Once you’ve collected these items, you need to document them. You can use Word documents or a spreadsheet during the project, but the results should be published into a metadata repository (or its equivalent at your company) as soon as the items are finalized. You’ll need to provide very specific, field by field, instructions on how to fill out the project documents, as the items being recorded may not be very familiar to the project personnel. Ideally (as discussed in the next post), a person or persons on the project should have specific roles to collect and document this information. The persons fulfilling these roles will need to be trained and perhaps even supplied by the Data Governance organization, although the project will need to fund their efforts.
Funding can be a bit dicey, as the value provided by collecting this information may not be immediately obvious to the project, and so there may be some pushback to including and funding these roles. But the value is certainly present, and that needs to be made clear to the Project Manager. The value includes:
- Making sure that there are no misunderstandings of what the data is and how it is used and calculated on the project. These sorts of misunderstandings can lead to tail-chasing discussions and considerable rework.
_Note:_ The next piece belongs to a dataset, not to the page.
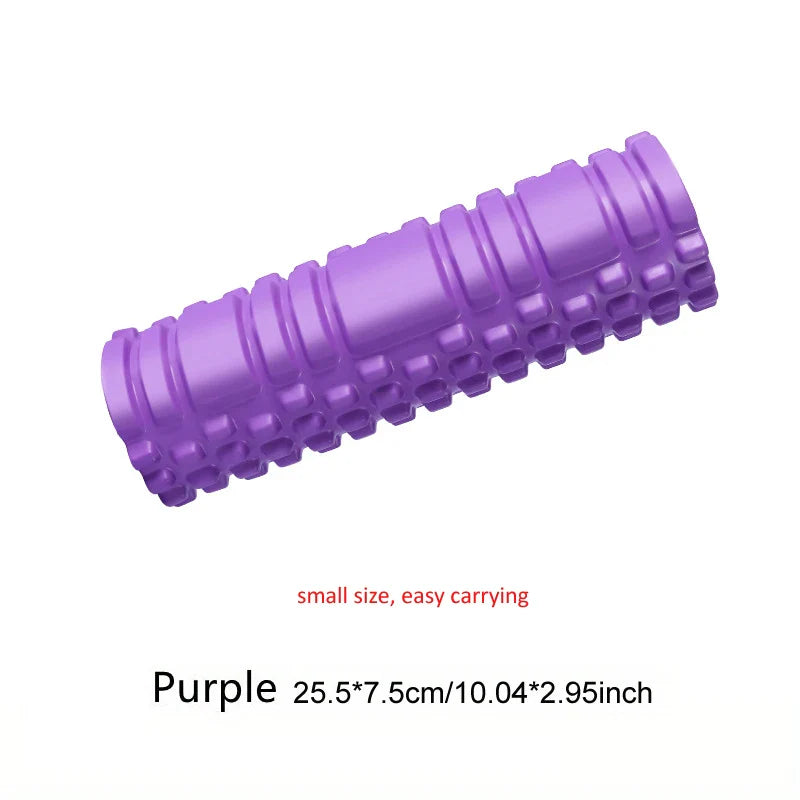 <h2>Bloco de Yoga e Rolo de Espuma – Mini Massageador Muscular para Pilates, Fitness e Exercícios</h2>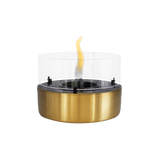 Tenderflame Café 18 Gold – Gouden Tafelhaard Buiten | Bioethanol Terras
- Ensuring that code doesn’t have to get reworked because of misunderstood data. There are usually two outcomes to not understanding what constitutes quality data. The first is that the code simply doesn’t run correctly, and has to be revised again and again as more revelations are exposed about the data. The second is that the programmers profile the data themselves to avoid said revisions (they don’t trust the data), but the results are not reusable because it is not documented properly. Also, it is usually vastly more expensive for individual programmers to examine the data on their own than to have a proactive effort to profile the data based on the data quality rules. Plus, having the programmers do it ad-hoc throws off the project timeline, whereas planning to do it as part of the project means that the time and resources needed are built into the project timeline.
- Providing reusable intelligence for future projects. Collecting this information is a “do it once” task, from then on, any project that uses this same data can simply look up the results.
- Overall better knowledge of the enterprise’s data asset is a huge benefit to the enterprise as a whole, especially when it comes to making intelligent business decisions and understanding what the customer wants. This value proposition only carries weight, however, when projects management is at an enterprise level, siloed management tends to consider this a non-starter because it doesn’t directly impact their project.